12:30 to 2 p.m. Break

2 p.m. Glocal Territories Alejandro Castellote (Spain)

Curator, editor, essayist, and professor of photography. He was director of the photography department at the Círculo de Bellas Artes in Madrid from 1985 to 1996. He directed the project Spain Through Photography 1839-2010 for the MAPFRE Foundation and the Taurus publishing house (2013). In 2006, he received the Bartolomé Ros Award for best career achievement in Spanish photography. From 2014 to 2016, he was director of the Latin American Master’s Program in Contemporary Photography – Maldefoco – at the Centro de la Imagen in Lima, Peru.

Castellote will discuss how contemporary artists move beyond solely using self-referential imagery and instead create hybrid iconographies that borrow from canonical art models, reinterpreting them according to their own traditions and their relationship with the world.

2:45 p.m. Photographic Archives as Visual History? Juan Luis Mejía (Colombia)

A lawyer from the Pontifical Bolivarian University of Medellín, he served as director of the Medellín Public Pilot Library, the National Library of Colombia, the Colombian Book Chamber, and the Colombian Institute of Culture (Colcultura). He was Secretary of Education for Medellín and later Minister of Culture, and Consul of Colombia in Seville, Spain. Since 2004, he has been the Rector of EAFIT University.

He will share his experience in the process of creating one of the most important photographic archives on the continent: the Biblioteca Pública Piloto (BPP). Mejía, director of the BPP in the 1980s, will recount how the institution became the greatest champion of photography in the country and how this raised awareness of the photographic image as one of the pillars for constructing the country’s history.

3:15 to 3:30 p.m. Break

3:30 p.m. What is an Image?* James Elkins (United States)

He holds the E.C. Chadbourne Chair in the Department of Art History, Theory, and Criticism at the School of the Art Institute of Chicago. Elkins researches and writes about artistic and non-artistic images. His work focuses on the history and theory of images in art, science, and nature. His most recent book, What Photography Is, examines the power of photography in an imagined dialogue with Roland Barthes’s Camera Lucida.

While concepts such as image, representation, and photography have been extensively discussed, little has been explored about visual objects and how they create meaning. This session will explore fundamental problems concerning the nature of images.

*Simultaneous translation

4:30 p.m. Iconophiles and Iconoclasts: Tensions in the Use of the Image Throughout History. José Alejandro Restrepo (Colombia)

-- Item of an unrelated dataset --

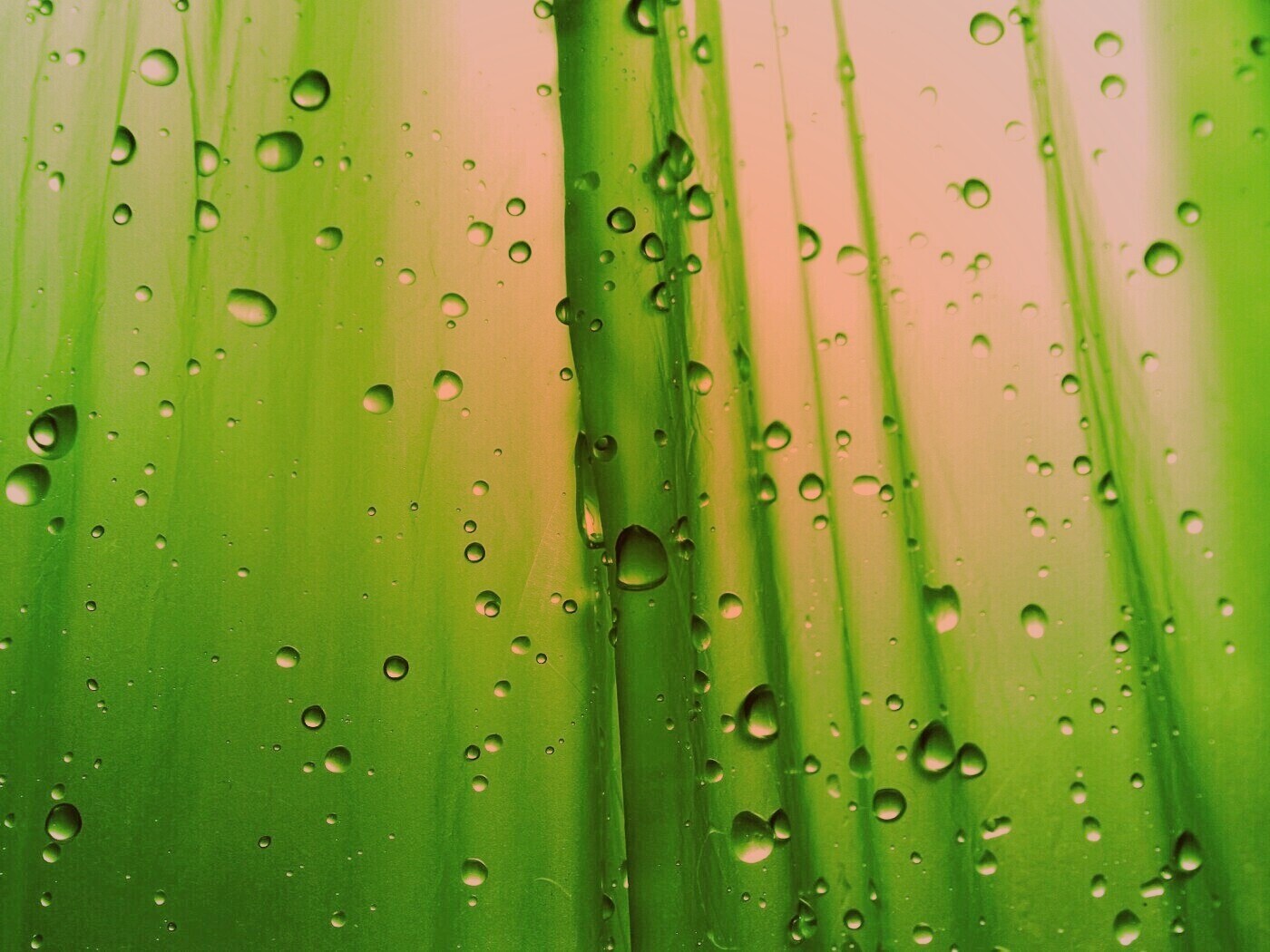 Капли на зеленом пластике обои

He has worked in video art since 1987. His work encompasses single-channel video, video performance, and video installation. His activities include research and teaching. Some of his recent participations include: 52nd Venice Biennale (2007); Mercosur Biennial, Porto Alegre (2011); Lyon Biennial (2011); Quai Branly Museum (2013); Pacific Standard Time: LA/LA, Laxart Los Angeles (2017).

The offensive and defensive role of the camera as a weapon in contemporary conflicts, the new technologies of vision, and their development in matters of political violence effectively shape what can be called a “war of images.” This session will trace the historical confrontation between iconophiles and iconoclasts to shed light on the present and reformulate the question: What is an image, and what is its purpose?

5 p.m. Conversation with speakers

Conversation moderated by María Wills with James Elkins, José Alejandro Restrepo, and Alejandro Castellote. There will be time for questions from the audience.